Just what this “movie within the movie” might be is anybody’s guess. The secrets of Rings will be revealed when the oft-delayed film finally hits theaters, but in the meantime audiences can get a nice healthy taste of the horror to come via an extended look at the movie’s pulse-pounding opening scene.
Paramount has now given horror fans a long preview of Rings by releasing the first three minutes online. In the extended clip, a very nervous airline passenger tells the girl across the aisle about the creepy video cassette he watched and the voice telling him over the phone that he would die in seven days. And guess what? Today is the seventh day. The young lady thinks the guy is just a head-case but her friend in the next seat isn’t so sure. As staff attempt to calm down the disruptive passenger, it soon becomes clear that something serious is amiss on the flight. The freaked out passenger didn’t just doom himself when he watched the cursed videotape. The clip ends with Samara’s well appearing on all the seat-back screens and Samara herself crawling out of one of the cockpit monitors. She’s back and more vengeful than ever.

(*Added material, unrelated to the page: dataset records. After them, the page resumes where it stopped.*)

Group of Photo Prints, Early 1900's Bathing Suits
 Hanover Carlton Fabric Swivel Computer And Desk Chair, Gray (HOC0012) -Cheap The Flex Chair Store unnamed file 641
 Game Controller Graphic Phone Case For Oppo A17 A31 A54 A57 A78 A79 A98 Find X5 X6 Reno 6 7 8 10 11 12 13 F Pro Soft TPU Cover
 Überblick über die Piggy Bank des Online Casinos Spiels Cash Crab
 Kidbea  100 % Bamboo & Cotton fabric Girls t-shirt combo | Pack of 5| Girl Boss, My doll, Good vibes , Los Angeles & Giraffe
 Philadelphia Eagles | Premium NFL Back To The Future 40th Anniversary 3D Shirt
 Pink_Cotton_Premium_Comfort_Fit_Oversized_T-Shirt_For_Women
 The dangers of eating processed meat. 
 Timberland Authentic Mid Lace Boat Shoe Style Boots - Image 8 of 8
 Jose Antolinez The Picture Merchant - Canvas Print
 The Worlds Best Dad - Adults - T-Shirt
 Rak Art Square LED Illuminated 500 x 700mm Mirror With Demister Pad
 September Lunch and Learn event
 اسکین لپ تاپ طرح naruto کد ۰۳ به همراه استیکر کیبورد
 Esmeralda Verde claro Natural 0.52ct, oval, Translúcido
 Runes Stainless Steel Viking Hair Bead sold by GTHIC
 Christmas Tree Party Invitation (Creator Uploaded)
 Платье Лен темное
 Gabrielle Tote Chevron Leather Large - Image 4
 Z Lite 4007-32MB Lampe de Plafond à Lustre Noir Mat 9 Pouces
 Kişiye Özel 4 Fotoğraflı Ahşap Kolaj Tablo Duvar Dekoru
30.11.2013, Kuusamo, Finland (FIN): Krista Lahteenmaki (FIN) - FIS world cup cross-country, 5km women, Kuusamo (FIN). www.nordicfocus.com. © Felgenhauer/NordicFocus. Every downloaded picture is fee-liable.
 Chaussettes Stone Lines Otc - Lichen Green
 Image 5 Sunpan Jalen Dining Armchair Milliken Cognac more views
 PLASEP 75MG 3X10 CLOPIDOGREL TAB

The clip serves as a quick reminder about the rules of The Ring: watch the video cassette, hear the ghostly voice, die in seven days. Hardcore horror freaks will note that the scene also serves as a tip of the hat to the classic Twilight Zone episode “Nightmare at 20,000 Feet.” This time though, the supernatural horror isn’t just hanging out on the wing of the plane, causing William Shatner to have a nervous breakdown.
In its day, The Ring was a wickedly effective horror film that mixed mystery and supernatural elements in a very satisfying and efficient way. The movie was well-directed by a pre-Pirates of the Caribbean Gore Verbinski, and featured a strong lead performance by future Oscar nominee Naomi Watts. In other words, Rings has a pretty high bar to reach if it hopes to live up to its predecessor. The only direct sequel to the original Ring, The Ring Two, disappointed critics and fans alike with its weak story.
Going by the first three minutes of Rings, the film is definitely trying to up the ante on Samara and the scope of her powers. We’ll see if writers Jacob Estes and Akiva Goldsmith and director F. Javier Gutierrez have found some interesting new wrinkles to the classic ghost story when Rings hits theaters this Friday.